I have been thinking more about issues of "Scheduling", tasks, events etc. I need to read thru the discussion completely before saying too much. I have my own viewpoint and "terminology" in mind from my past experience with other RTOS systems like IBM's EDX. I even read thru the code of the RTOS I wrote long, long ago for the 6502. So a slow 8-bit micro can definitely do this :slight_smile:

So, more to come...

First pass "Scheduler" ideas: A scheduler simply is another source of "Events" in a system. The scheduler periodically compares the Real Time Clock with it's list of scheduled events, and if the time has arrived, it posts that event. I don't think the events posted by a scheduler need to be any different than events posted by other sensor-based or timer-based or counter-based "checkers"..

Maybe...

OK, back soon. Thanks for your work on this. Let me know what hardware you would like to test things and I'll get it to you.

Regards, Terry King terry@terryking.us

Hello, Terry! I have no idea where you really live. XD

The RTCTimedEvent class is already working here at home and the usage is similar to Unix cron. I will commit it within 2 or 3 days when doc, example, etc, is finally ready.

Thank you for your contribution!

[]s
Renato

Hi Renato and Everyone,

I am from rural Vermont, USA and this is 'Home', but My wife Mary Alice and I have been working/living overseas last 7 years in Africa, China, Middle East and next year: Genoa, Italy. Couple more years and we will stay home in Vermont. She builds Libraries. I work online from anywhere.

Renato, I feel strongly that your ideas and software are key to doing more interesting and complex things with Arduino. I would like to help with that and support your work in any way I can.

Interesting and important applications need the kind of organized "multi-tasking" and Event-Driven actions you are talking about:

  • Home/Building Automation/Energy Management
  • Application-specific Automation, from Machines to Fish Farming, etc., etc.
  • Robotics, especially Autonomous Vehicles.

All of these need to handle and coordinate a variety of Sensors, Timers and Counters, Communications, and a variety of actuators.

Many Arduino projects get difficult and bogged down trying to make multiple things work together. An organized way of building this kind of Arduino application is needed. I hope to write some examples soon...

Arduino, especially the 2560 variants, is perfectly capable of doing these applications. I built significant automated machinery 20 years ago with big rack-mounted IBM Series/1 etc. But guess what?

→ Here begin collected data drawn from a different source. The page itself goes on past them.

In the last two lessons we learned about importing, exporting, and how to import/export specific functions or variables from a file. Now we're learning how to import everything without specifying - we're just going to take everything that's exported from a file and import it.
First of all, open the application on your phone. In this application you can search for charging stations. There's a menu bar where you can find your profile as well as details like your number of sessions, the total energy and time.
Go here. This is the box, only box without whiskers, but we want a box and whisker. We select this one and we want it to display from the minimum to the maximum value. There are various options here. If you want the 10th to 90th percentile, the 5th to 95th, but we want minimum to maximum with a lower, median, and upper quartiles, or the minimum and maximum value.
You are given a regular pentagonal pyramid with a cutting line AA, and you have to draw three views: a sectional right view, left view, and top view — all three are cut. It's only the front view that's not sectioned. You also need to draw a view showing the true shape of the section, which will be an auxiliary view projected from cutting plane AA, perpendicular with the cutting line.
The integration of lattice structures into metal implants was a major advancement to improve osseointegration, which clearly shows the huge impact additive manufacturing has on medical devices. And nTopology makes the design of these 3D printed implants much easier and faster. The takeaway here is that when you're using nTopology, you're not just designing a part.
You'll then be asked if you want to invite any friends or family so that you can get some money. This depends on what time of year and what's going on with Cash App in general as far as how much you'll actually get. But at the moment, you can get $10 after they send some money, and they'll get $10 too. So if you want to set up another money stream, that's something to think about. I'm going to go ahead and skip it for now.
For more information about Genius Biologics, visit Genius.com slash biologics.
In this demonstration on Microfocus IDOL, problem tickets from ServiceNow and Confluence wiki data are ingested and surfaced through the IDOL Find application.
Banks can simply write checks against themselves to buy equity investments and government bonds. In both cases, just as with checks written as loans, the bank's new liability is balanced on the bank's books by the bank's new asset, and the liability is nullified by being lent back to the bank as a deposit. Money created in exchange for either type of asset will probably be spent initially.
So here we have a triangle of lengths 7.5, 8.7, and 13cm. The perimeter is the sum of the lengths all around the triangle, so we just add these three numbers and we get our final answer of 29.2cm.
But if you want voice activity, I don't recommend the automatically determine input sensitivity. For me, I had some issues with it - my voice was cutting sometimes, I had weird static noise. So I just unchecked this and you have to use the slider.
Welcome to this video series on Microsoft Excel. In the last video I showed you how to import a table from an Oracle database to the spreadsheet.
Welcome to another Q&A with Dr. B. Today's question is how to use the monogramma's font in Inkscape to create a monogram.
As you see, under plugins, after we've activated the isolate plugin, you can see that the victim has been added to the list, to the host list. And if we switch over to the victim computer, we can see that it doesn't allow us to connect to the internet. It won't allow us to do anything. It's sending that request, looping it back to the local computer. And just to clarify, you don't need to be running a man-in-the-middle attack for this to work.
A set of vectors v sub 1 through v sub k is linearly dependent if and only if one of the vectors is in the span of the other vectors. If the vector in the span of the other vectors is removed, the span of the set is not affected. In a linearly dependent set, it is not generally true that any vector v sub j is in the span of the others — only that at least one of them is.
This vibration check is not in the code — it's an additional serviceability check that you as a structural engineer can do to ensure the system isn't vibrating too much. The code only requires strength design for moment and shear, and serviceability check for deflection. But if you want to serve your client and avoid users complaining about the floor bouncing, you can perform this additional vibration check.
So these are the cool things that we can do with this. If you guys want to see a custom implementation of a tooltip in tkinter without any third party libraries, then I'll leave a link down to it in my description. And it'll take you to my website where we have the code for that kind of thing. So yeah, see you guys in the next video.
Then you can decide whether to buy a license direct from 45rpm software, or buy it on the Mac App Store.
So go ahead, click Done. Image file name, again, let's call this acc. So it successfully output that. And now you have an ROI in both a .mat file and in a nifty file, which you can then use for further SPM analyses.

They had no more processor power or memory and less I/O capability than Arduino!

Let's figure out how to effectively collaborate and get this working.

Regards, Terry King
...In The Woods In Vermont
terry@yourduino.com

(STILL locked out of primary account here!)

You can also use templates.
http://www.artima.com/weblogs/viewpost.jsp?thread=84958
http://www.artima.com/weblogs/viewpost.jsp?thread=85301

Terry, I already created a project for it on google code, but I'm avoid speaking about in this topic to preserve it's focus. Unfortunately I'm needing to priorize some other small activities in these days, but I will try to keep you updated by email. I'm not receiving any reply from you. I'm not sure if it's because you're not receiving my messages or just not understanding my `brazilian english´.

PING --> ACK!

Hi Renato, I'm working on some definitions about Timers and Counter for discussion.

I'm In!

Regards, Terry King
...In The Woods In Vermont
terry@yourduino.com

:smiley:

Guys...I love where this project is going. Count me in for testing, debugging, contributions. I have a project that I want to test these libs out on...things that need to eat timers and throw multiple events. It will be a good test. I'll get back with you on the results.